期刊
MOLECULAR NUTRITION & FOOD RESEARCH
卷 59, 期 2, 页码 203-211出版社
WILEY
DOI: 10.1002/mnfr.201400485
关键词
(-)-Epigallocatechin-3-gallate; Oral cancer; Prooxidant effects; Sirtuin 3; Tea
资金
- American Institute for Cancer Research [10A102]
- Pennsylvania State University College of Agricultural Sciences
Scope: We have previously reported that the green tea catechin, (-)-epigallocatechin-3-gallate (EGCG), can induce oxidative stress in oral cancer cells but exerts antioxidant effects in normal cells. Here, we report that these differential prooxidative effects are associated with sirtuin 3 (SIRT3), an important mitochondrial redox modulator. Methods and results: EGCG rapidly induced mitochondria-localized reactive oxygen species in human oral squamous carcinoma cells (SCC-25, SCC-9) and premalignant leukoplakia cells (MSK-Leuk1), but not in normal human gingival fibroblast cells (HGF-1).

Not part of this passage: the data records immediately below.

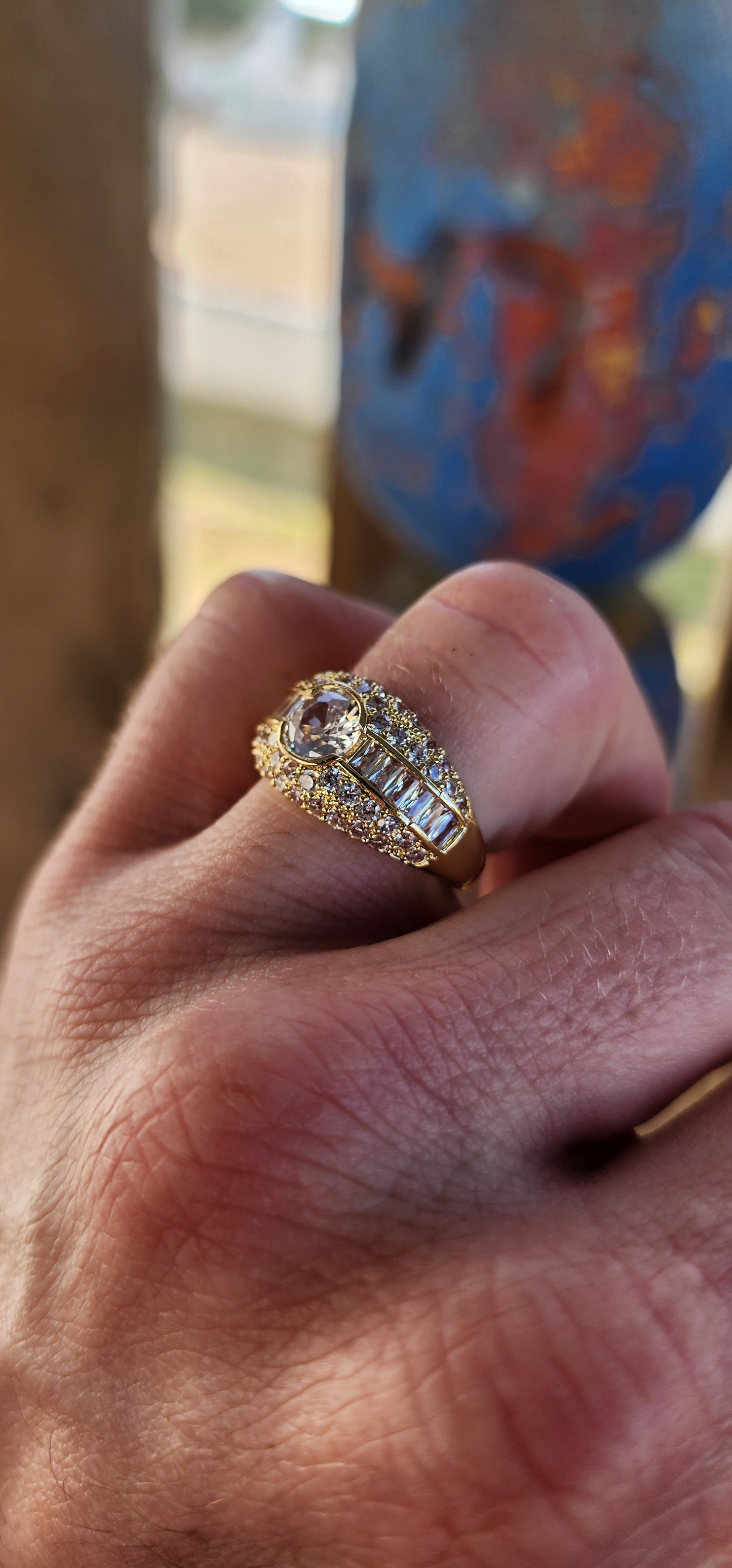 Classical, elegant, and unapologetically glamorous — this stunning sterling silver dress ring has been luxuriously finished in 18ct yellow gold plating, giving it that rich, high-end golden glow.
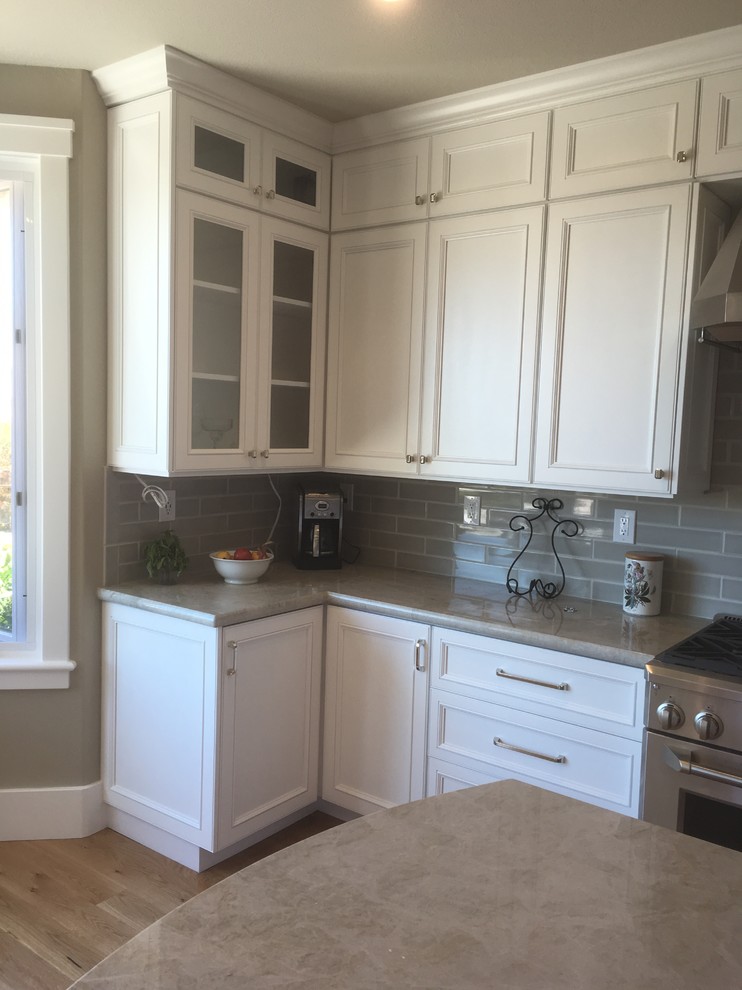 Exempel på ett mycket stort modernt kök, med en rustik diskho, luckor med infälld panel, vita skåp, marmorbänkskiva, grönt stänkskydd, stänkskydd i tunnelbanekakel, rostfria vitvaror, mellanmörkt trägolv, flera köksöar och beiget golv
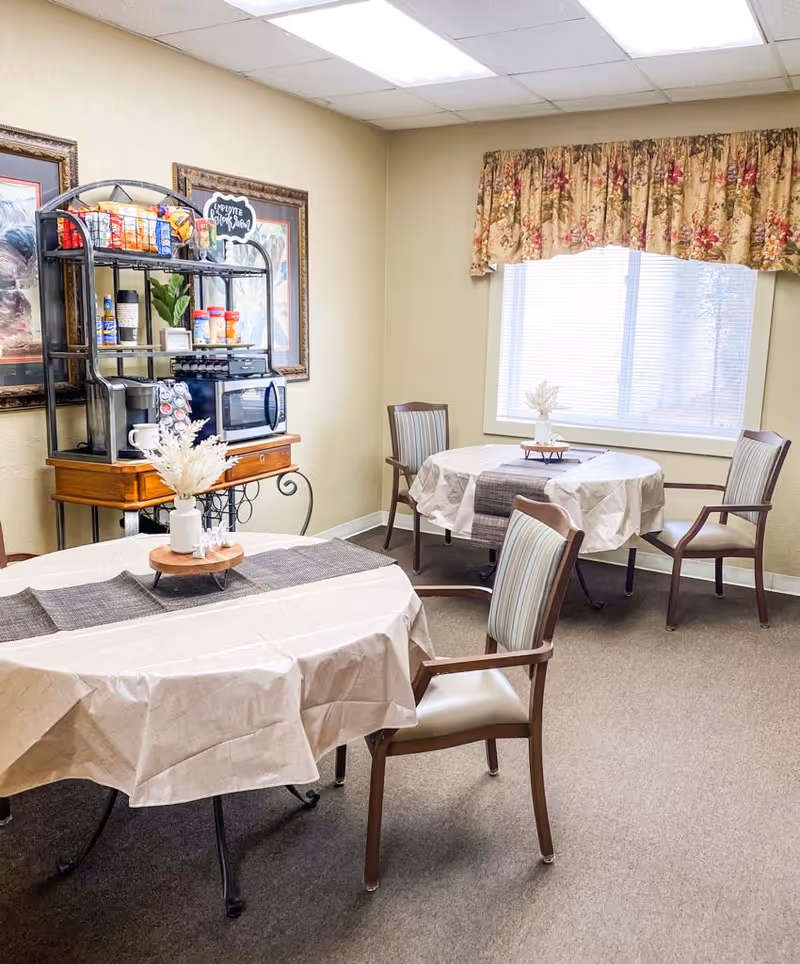 A small dining area with two round tables covered with beige tablecloths and dark table runners. Each table has a decorative centerpiece with dried flowers. There are wooden chairs with cushioned seats and striped backs around the tables. Against the wall, there is a black metal and wood shelving unit holding a microwave, coffee supplies, and snacks. The walls are light beige, and there is a window with floral valance curtains letting in natural light.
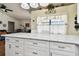 White kitchen island with granite countertop, offering ample storage and seating at 3220 Cherry Hill S Cir, Lakeland, FL 33810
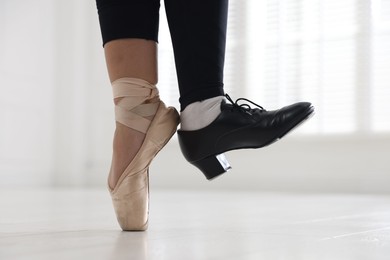 Photo of Teenage girl in tap and pointe shoe indoors, closeup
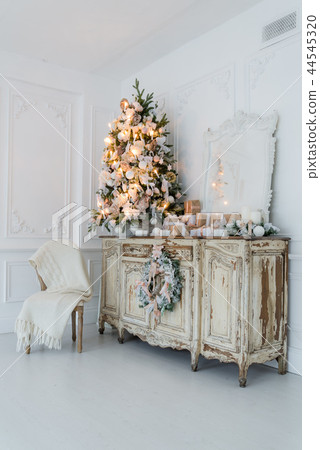 Christmas tree on wooden chest of drawers commode bureau in white interior, decorated with Christmas tree on wooden chest of drawers commode bureau in white interior, decorated with 44545320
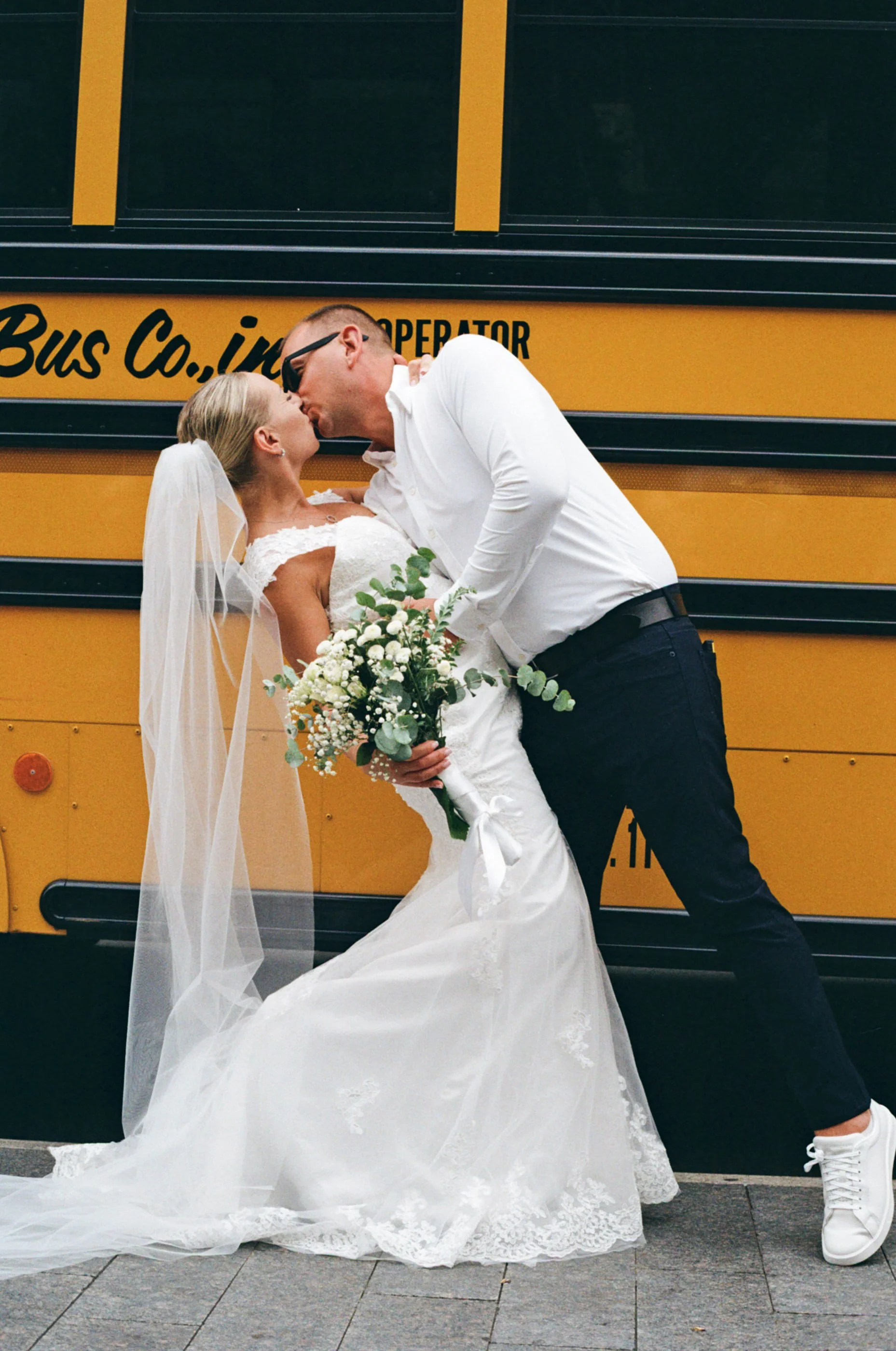 A bride and groom share a kiss in front of a yellow bus, with the bride holding a bouquet of white flowers and wearing a white wedding gown, while the groom is dressed in a white shirt and dark pants.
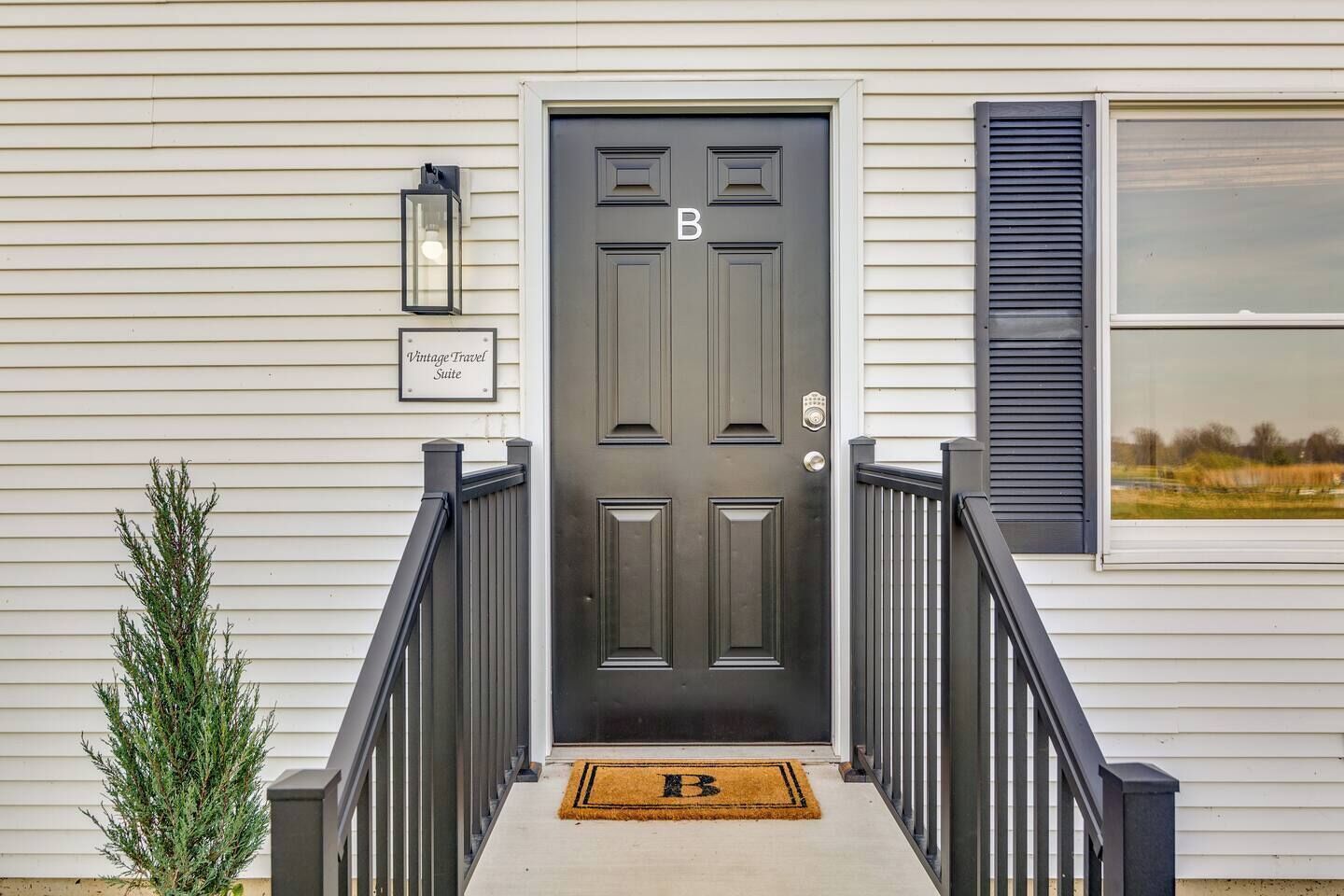 A front door with a 'B' marking, a small sign reading 'Vintage Travel Suite', a mailbox, a window with shutters, and a doormat.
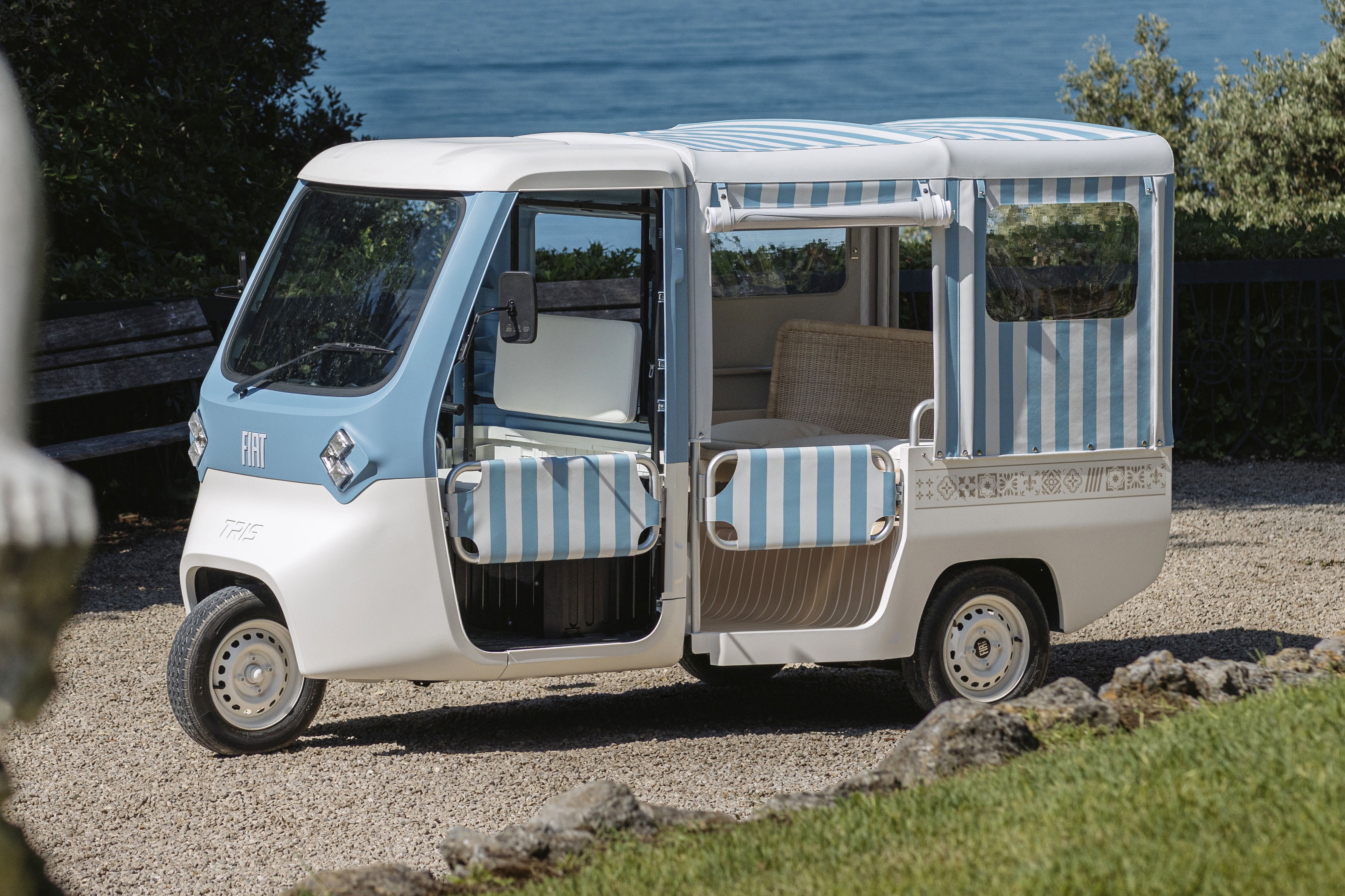 Um ve&iacute;culo el&eacute;trico de tr&ecirc;s rodas, branco e azul-claro, com teto e laterais listrados em azul e branco, estacionado em um caminho de cascalho. O mar azul e a vegeta&ccedil;&atilde;o verde aparecem ao fundo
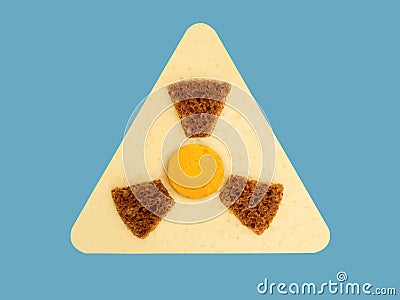 Radioactive radiation danger symbol with yellow and black stripes made from food, unsafe food Stock Photo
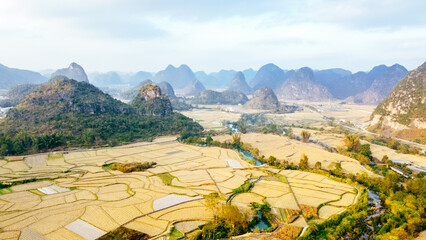 aerial view of karst mountains surrounding rural farmland at Mingshi Village (Mingshi Tianyuan) in Daxin County, Chongzuo city, Guangxi Province, China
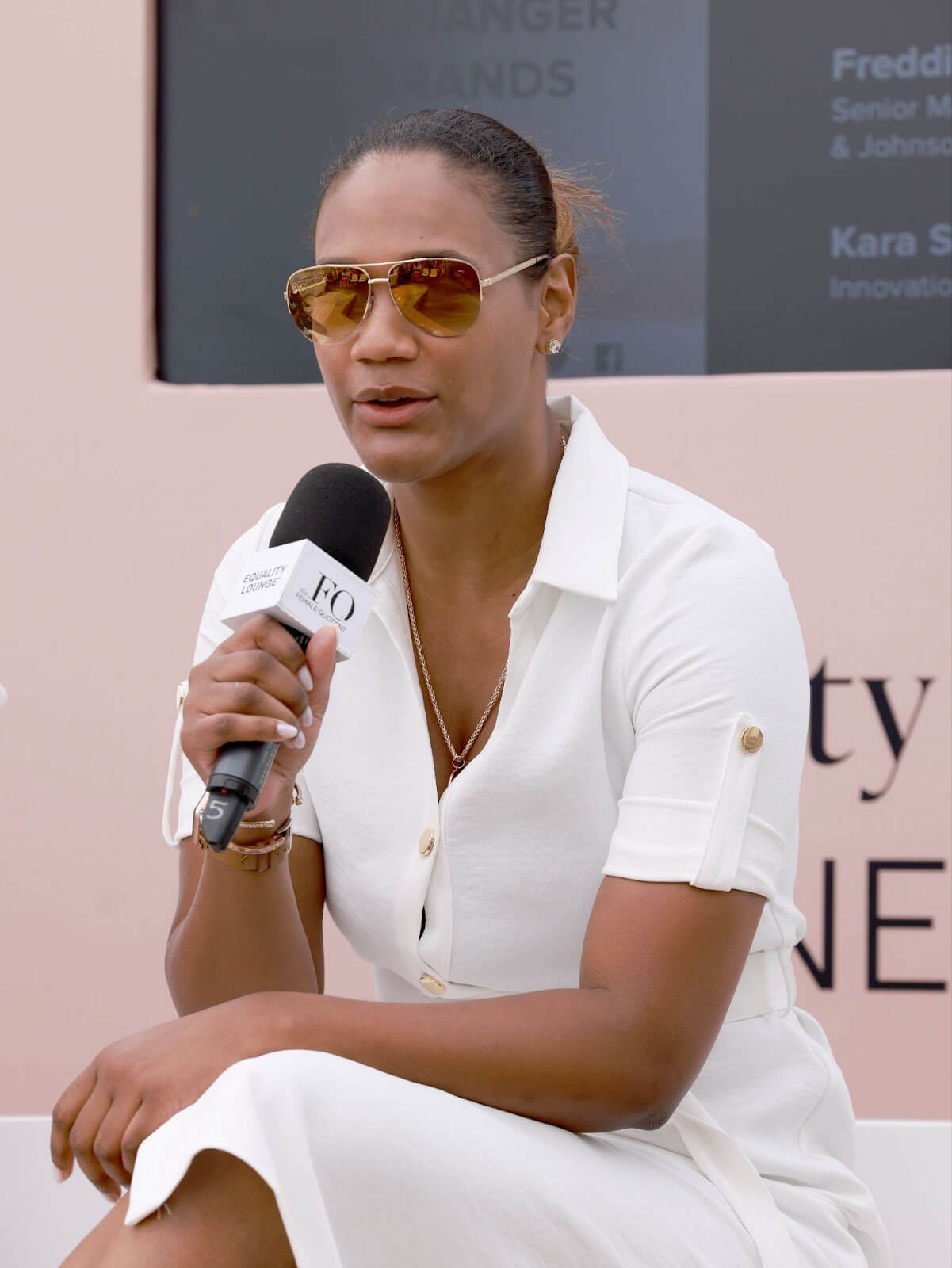 A woman in sunglasses and a white outfit speaking into a microphone with a backdrop displaying event details.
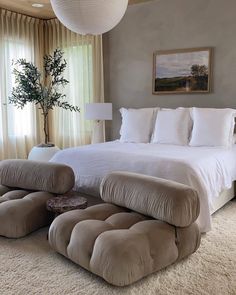 a large bed sitting in the middle of a bedroom next to a window with curtains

EGCG suppressed SIRT3 mRNA and protein expression, as well as, SIRT3 activity in SCC-25 cells, whereas it increased SIRT3 activity in HGF-1 cells. EGCG selectively decreased the nuclear localization of the estrogen-related receptor alpha (ERR alpha), the transcription factor regulating SIRT3 expression, in SCC-25 cells. This indicates that EGCG may regulate SIRT3 transcription in oral cancer cells via ERR alpha. EGCG also differentially modulated the mRNA expressions of SIRT3-associated downstream targets including glutathione peroxidase 1 and superoxide dismutase 2 in normal and oral cancer cells. Conclusion: SIRT3 represents a novel potential target through which EGCG exerts differential prooxidant effects in cancer and normal cells. Our results provide new biomarkers to be further explored in animal studies.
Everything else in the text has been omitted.